:: Try it ::
From the first line of the data below, repeat each line exactly until you reach the line with "Safta PREESCOAR FIESTA"; include that line too.

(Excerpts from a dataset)
#####

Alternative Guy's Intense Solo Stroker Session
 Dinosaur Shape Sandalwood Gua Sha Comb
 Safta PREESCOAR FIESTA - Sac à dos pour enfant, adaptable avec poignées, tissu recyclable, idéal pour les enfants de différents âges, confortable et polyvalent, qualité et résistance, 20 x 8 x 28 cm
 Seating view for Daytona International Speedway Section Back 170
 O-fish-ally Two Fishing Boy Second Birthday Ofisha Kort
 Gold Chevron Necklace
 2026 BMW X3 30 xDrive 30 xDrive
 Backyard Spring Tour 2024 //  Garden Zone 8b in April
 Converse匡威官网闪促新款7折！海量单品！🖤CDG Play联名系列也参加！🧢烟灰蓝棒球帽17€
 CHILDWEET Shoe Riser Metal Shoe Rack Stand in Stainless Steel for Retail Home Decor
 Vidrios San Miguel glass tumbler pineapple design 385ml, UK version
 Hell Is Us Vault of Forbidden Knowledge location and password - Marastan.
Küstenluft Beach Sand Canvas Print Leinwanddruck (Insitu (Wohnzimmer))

#####

:: Answer for this exercise ::
Alternative Guy's Intense Solo Stroker Session
 Dinosaur Shape Sandalwood Gua Sha Comb
 Safta PREESCOAR FIESTA - Sac à dos pour enfant, adaptable avec poignées, tissu recyclable, idéal pour les enfants de différents âges, confortable et polyvalent, qualité et résistance, 20 x 8 x 28 cm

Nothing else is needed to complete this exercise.